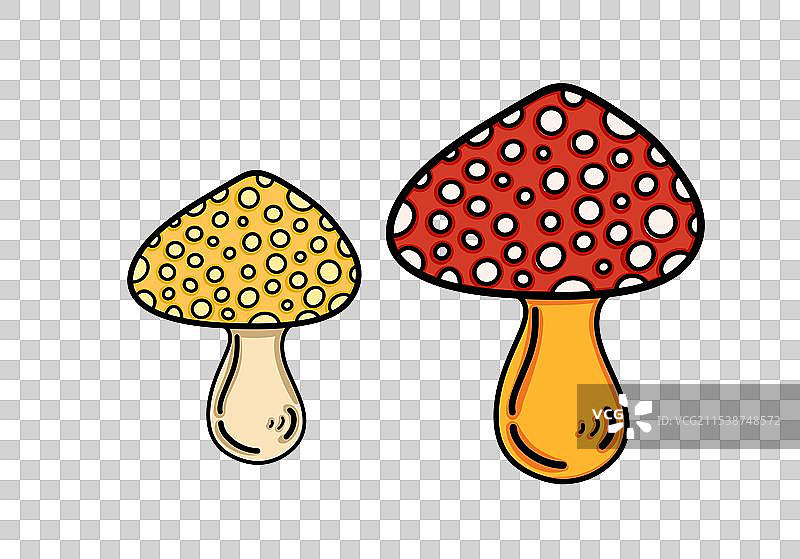 菌菇类免扣素材图片素材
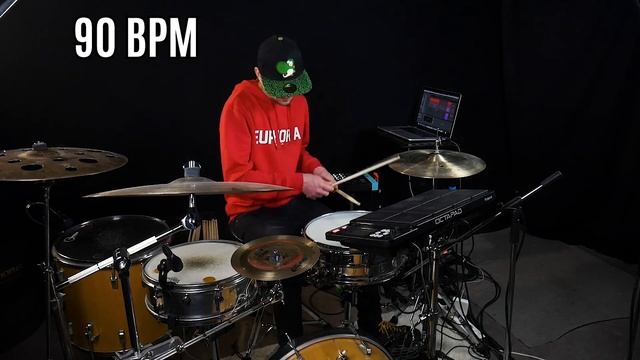 Wonky Hip Hop Drum Loop 90 BPM // The Hybrid Drummer смотреть онлайн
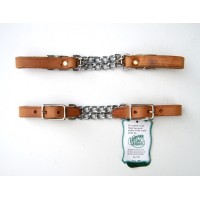 "BCL" podbradni pašček z dvojno verižico CURB CHAIN - surovo usnje "BCL" podbradni pašček z dvojno verižico CURB CHAIN - surovo usnje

## WORK TASK
From the line with "Wonky Hip Hop" through the final line of the data above, copy everything exactly, both ends included, but not the pictures.

## RESULT
 Wonky Hip Hop Drum Loop 90 BPM // The Hybrid Drummer смотреть онлайн
 "BCL" podbradni pašček z dvojno verižico CURB CHAIN - surovo usnje "BCL" podbradni pašček z dvojno verižico CURB CHAIN - surovo usnje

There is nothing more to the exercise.